[SUPPLIED RECORDS]:
------
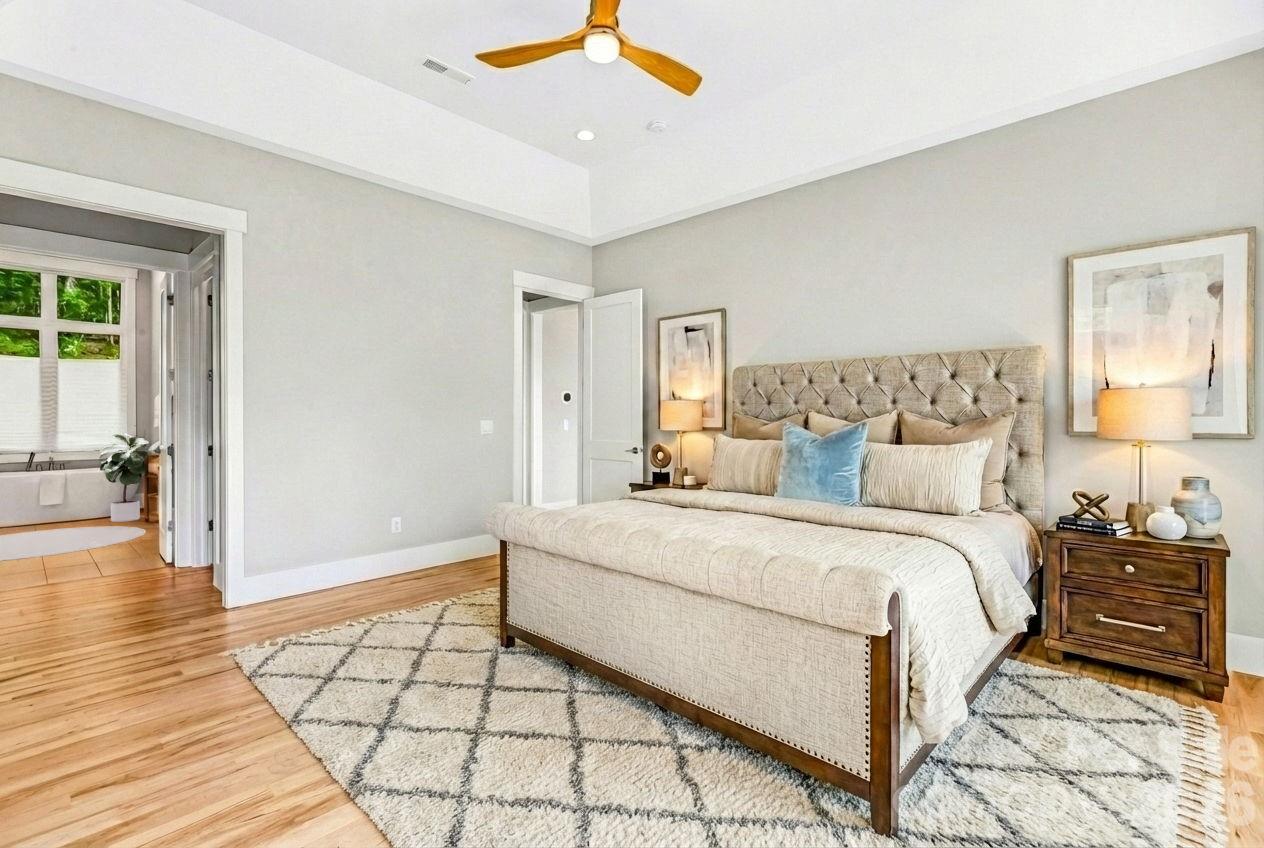 128 Saddle Ridge Drive Alexander, NC 28701 - Photo 16 of 33 a spacious bedroom with a bed and a chandelier
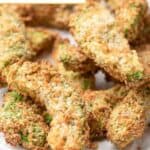 Crispy air fryer avocado fries piled on a plate.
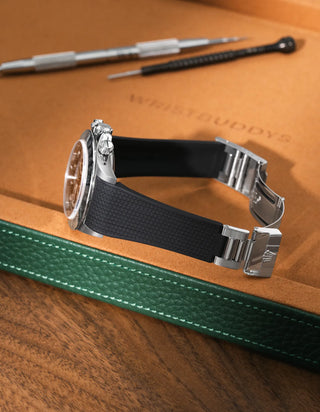 Black textured FKM rubber watch band for Rolex Daytona 16520, seamless case integration with original clasp, resting on a leather valet tray.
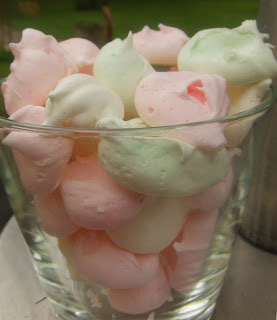 eine glasschüssel voller pastellrosa und - grüner baisers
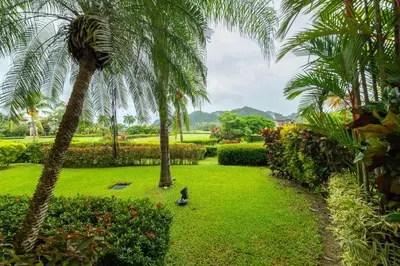 a bird standing in a park with palm trees at Del Mar 4O 2 bdr Garden View in Los Suenos in Herradura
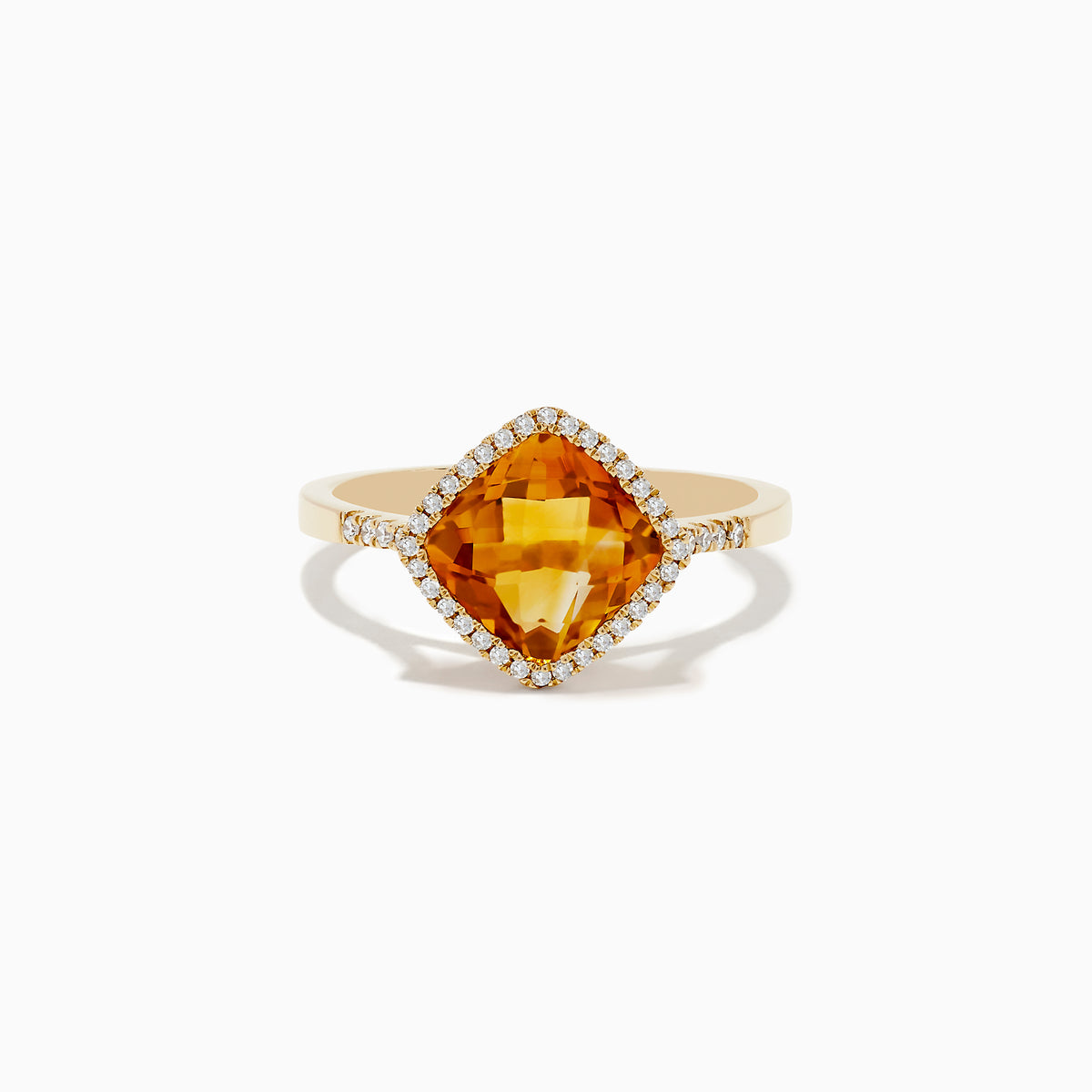 The Sunset 14K Yellow Gold Citrine and Diamond Ring features a cushion-cut citrine center stone encircled by a halo of sparkling white diamonds, displayed on a white background.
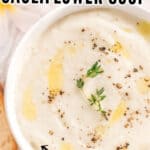 cream of cauliflower soup in white ceramic bowl with text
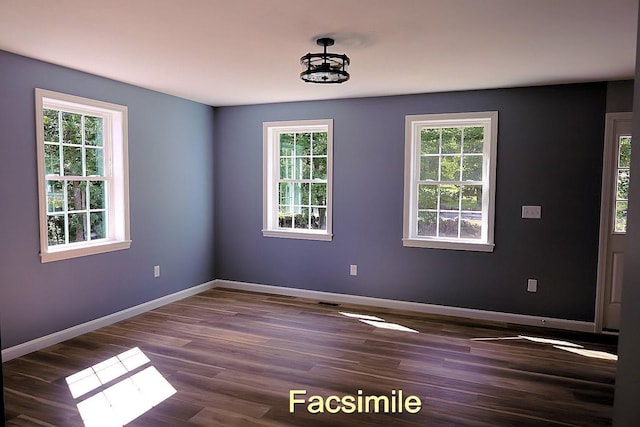 spare room featuring baseboards and dark wood finished floors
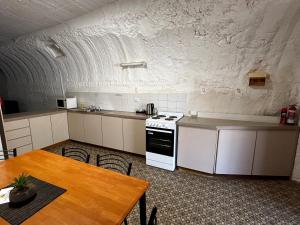 a kitchen with white cabinets and a table and a stove at Desert View Apartments in Coober Pedy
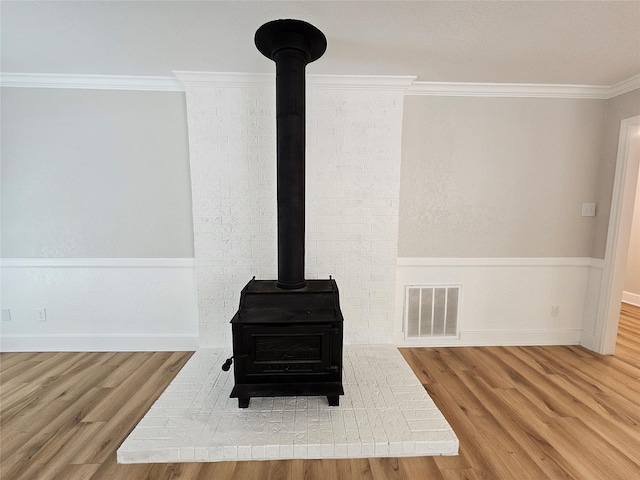 room details with crown molding, wood-type flooring, and a wood stove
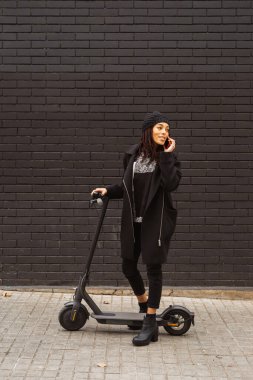 Rasta bukleli genç bir kadın elektrikli scooter 'da kırmızı bir akıllı telefonla konuşurken gülümsüyor, siyah tuğla bir duvarın önünde duruyor..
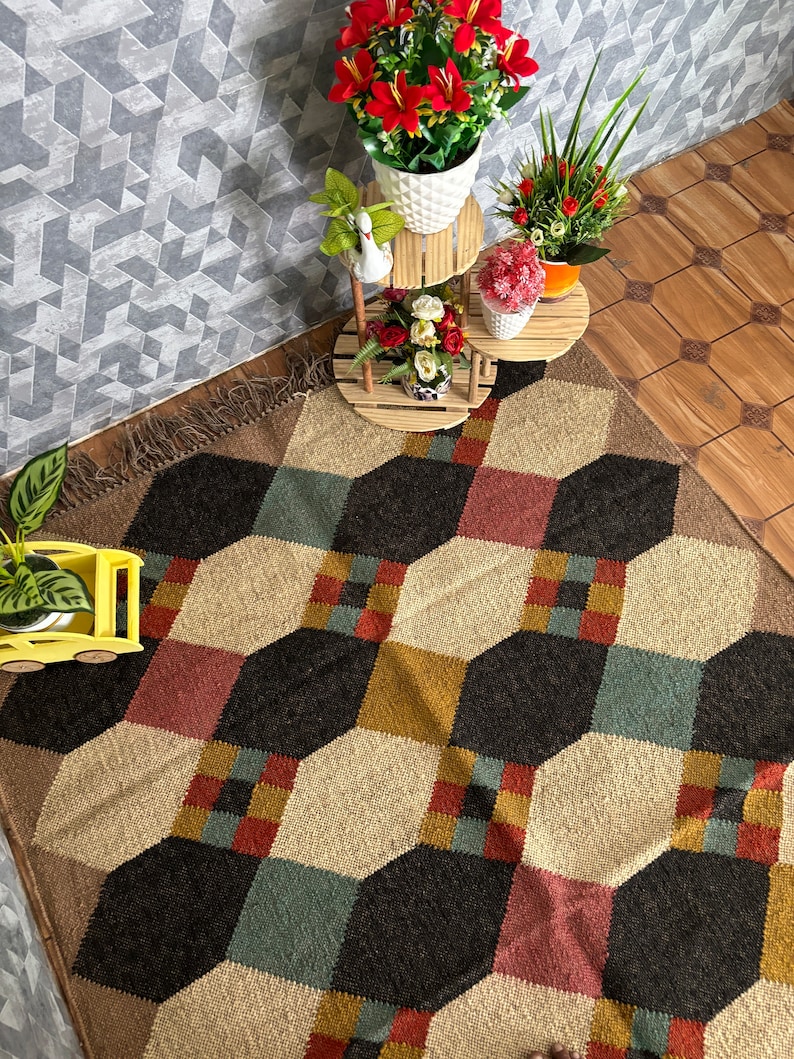 Pu&ograve; includere: Tappeto a motivi geometrici con un motivo esagonale ripetuto in nero, beige, rosso e verde acqua. Il tappeto ha un bordo sfrangiato ed &egrave; posto su un pavimento in legno. Vasi di fiori decorativi su supporti in legno.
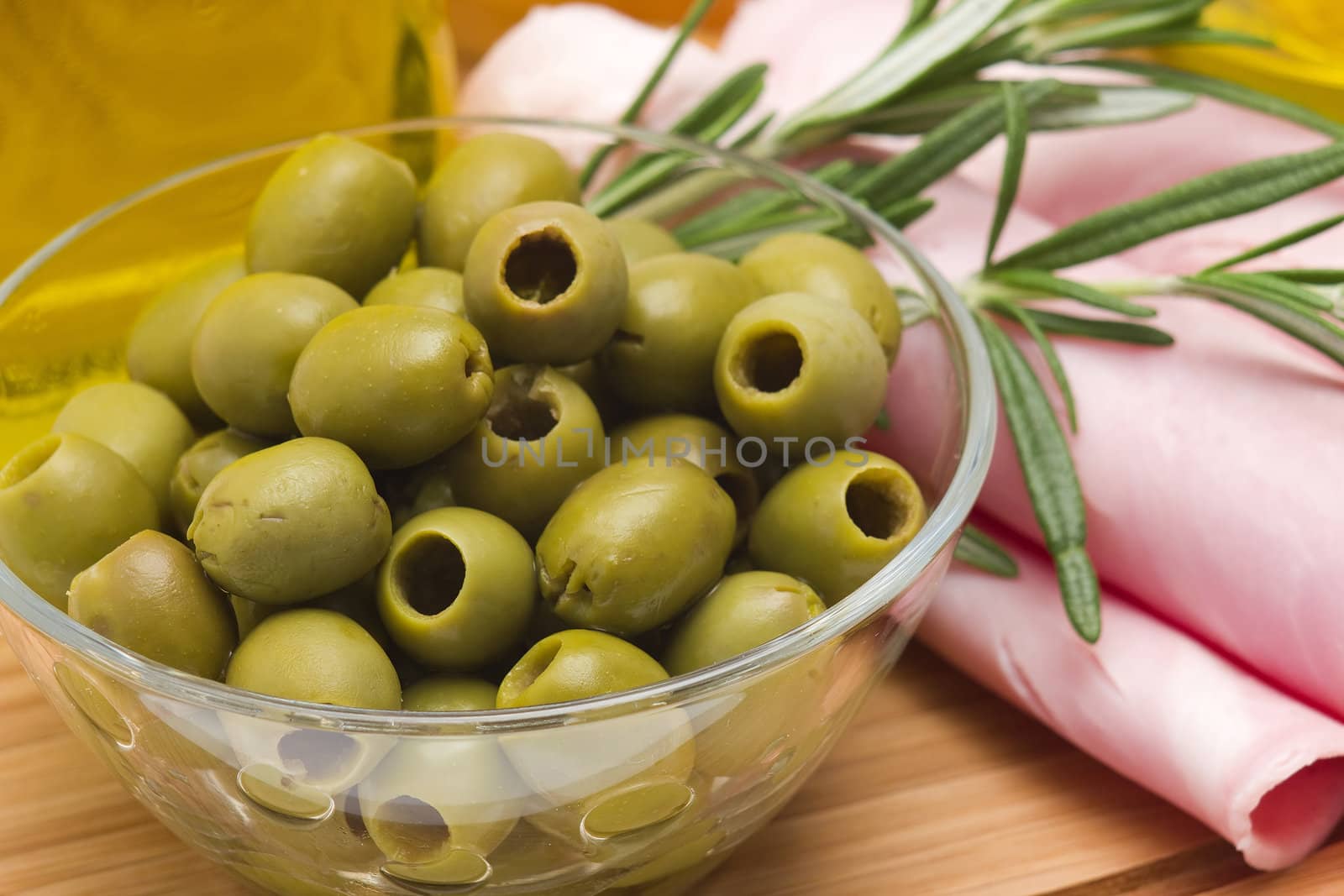 Rolled slices of ham, green olives and rosemary 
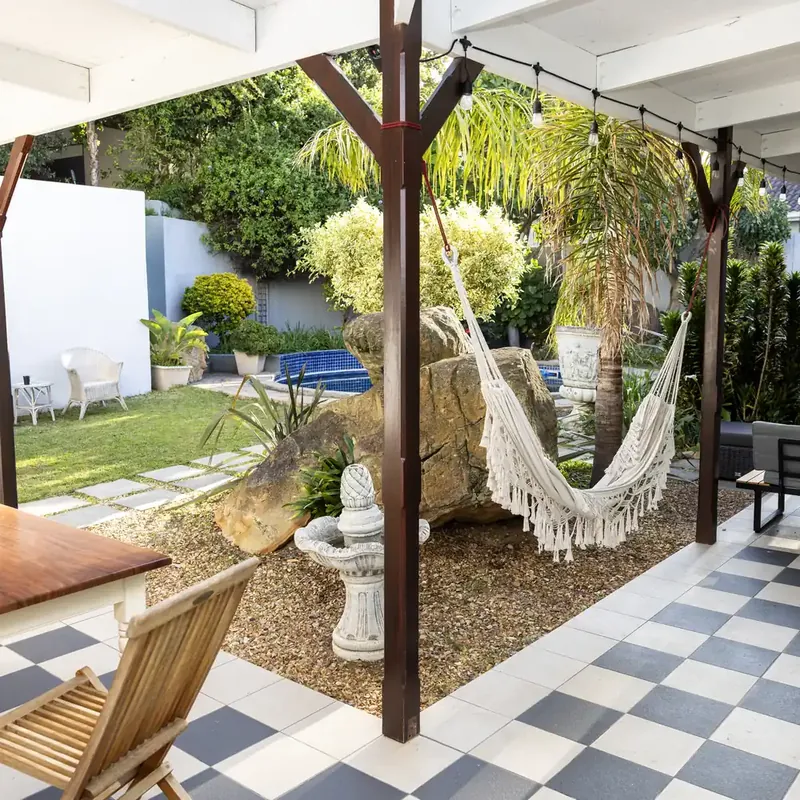 A covered patio at the centre with a white hammock, wooden chairs and a black and white tiled floor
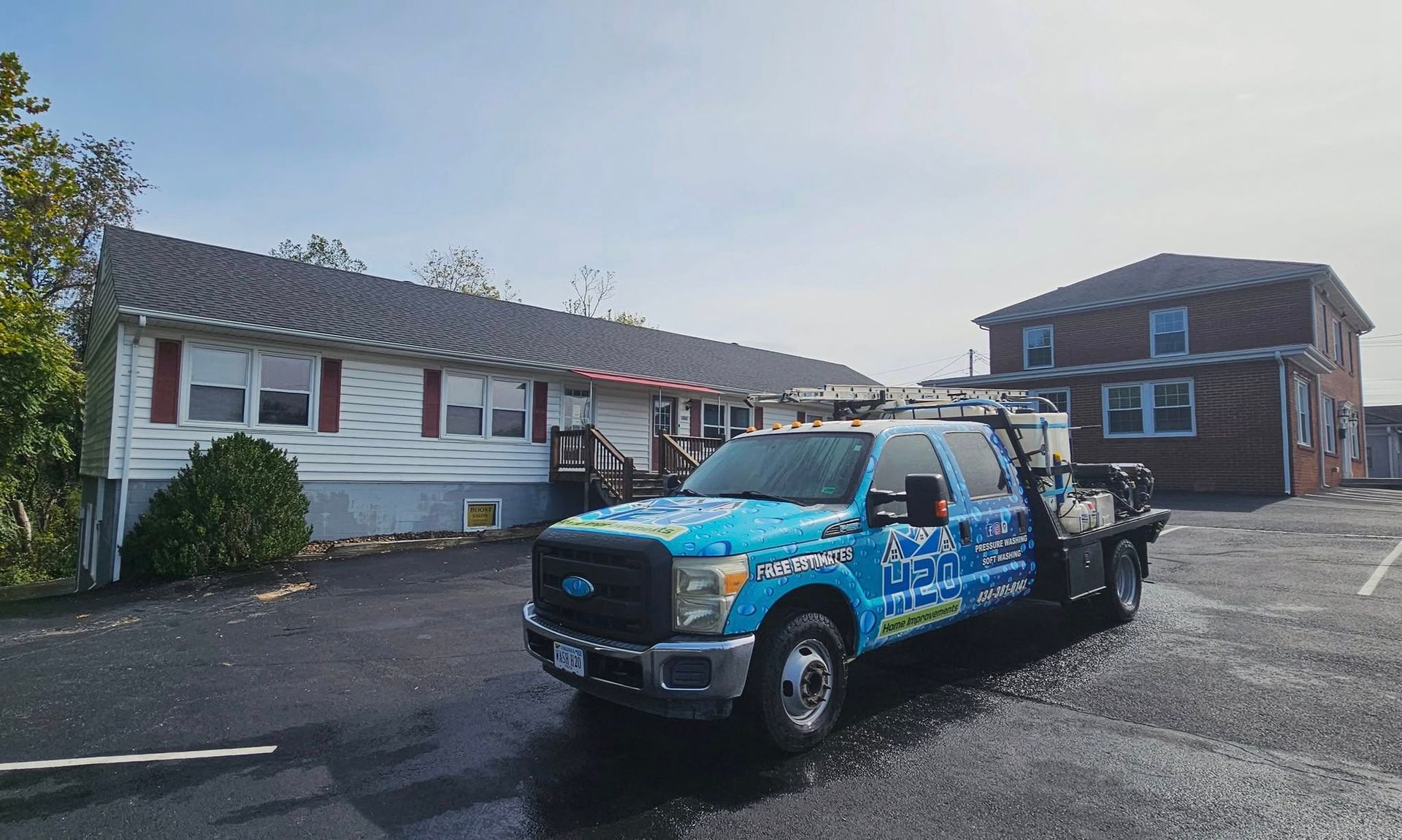 Blue tow truck parked in a motel lot beside a white building at dusk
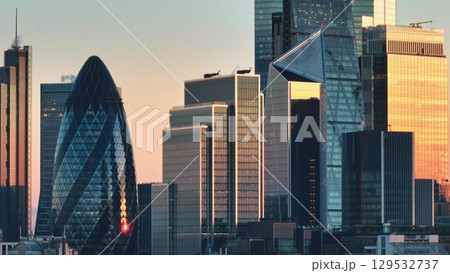 United Kingdom, London: Warm sunset light illuminating the modern skyscrapers of London's financial district, including 30 St Mary Axe (The Gherkin), creating a stunning cityscape. Drone flight footag United Kingdom, London: Warm sunset light illuminating the modern skyscrapers of London's financial district, including 30 St Mary Axe (The Gherkin), creating a stunning cityscape. Drone flight footag 129532737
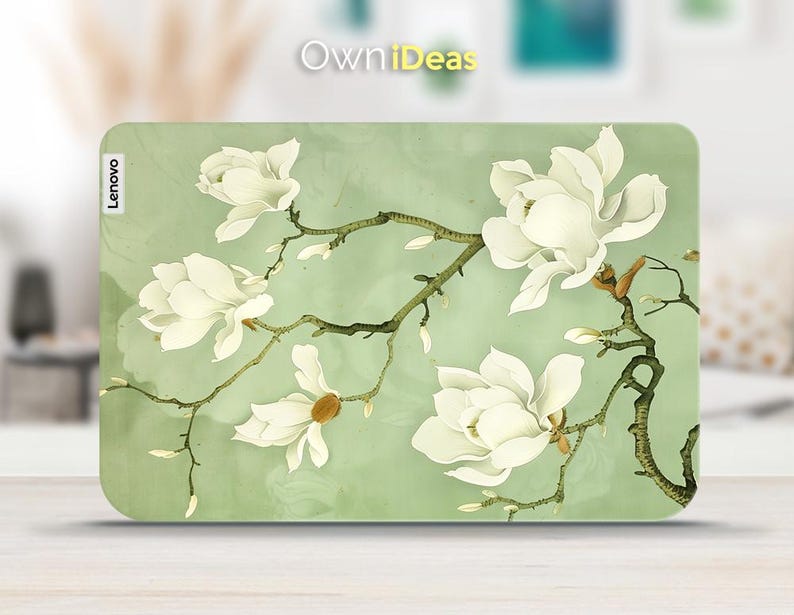 May include: A green laptop skin featuring a white magnolia flower design. The skin has the word "Lenovo" printed on it.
------
[GOAL OF THE EXERCISE]:
Write out exactly the lines between the start of the data and the line with "Pu&ograve; includere: Tappeto", including both, but none of the pictures.

[SOLUTION]:
 128 Saddle Ridge Drive Alexander, NC 28701 - Photo 16 of 33 a spacious bedroom with a bed and a chandelier
 Crispy air fryer avocado fries piled on a plate.
 Black textured FKM rubber watch band for Rolex Daytona 16520, seamless case integration with original clasp, resting on a leather valet tray.
 eine glasschüssel voller pastellrosa und - grüner baisers
 a bird standing in a park with palm trees at Del Mar 4O 2 bdr Garden View in Los Suenos in Herradura
 The Sunset 14K Yellow Gold Citrine and Diamond Ring features a cushion-cut citrine center stone encircled by a halo of sparkling white diamonds, displayed on a white background.
 cream of cauliflower soup in white ceramic bowl with text
 spare room featuring baseboards and dark wood finished floors
 a kitchen with white cabinets and a table and a stove at Desert View Apartments in Coober Pedy
 room details with crown molding, wood-type flooring, and a wood stove
 Rasta bukleli genç bir kadın elektrikli scooter 'da kırmızı bir akıllı telefonla konuşurken gülümsüyor, siyah tuğla bir duvarın önünde duruyor..
 Pu&ograve; includere: Tappeto a motivi geometrici con un motivo esagonale ripetuto in nero, beige, rosso e verde acqua. Il tappeto ha un bordo sfrangiato ed &egrave; posto su un pavimento in legno. Vasi di fiori decorativi su supporti in legno.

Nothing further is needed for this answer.